::: EXERCISE MATERIALS :::
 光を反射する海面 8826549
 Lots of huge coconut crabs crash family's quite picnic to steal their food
:::
::: EXERCISE MATERIALS :::
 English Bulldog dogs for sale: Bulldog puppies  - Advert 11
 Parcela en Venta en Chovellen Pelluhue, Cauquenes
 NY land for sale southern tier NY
:::
• TASK DETAILS: In the entries above, the lines from the one bearing "光を反射する海面 8826549" up to and including the one bearing "Lots of huge" should be transcribed exactly; no other line is wanted.

• WRITTEN RESPONSE:
 光を反射する海面 8826549
 Lots of huge coconut crabs crash family's quite picnic to steal their food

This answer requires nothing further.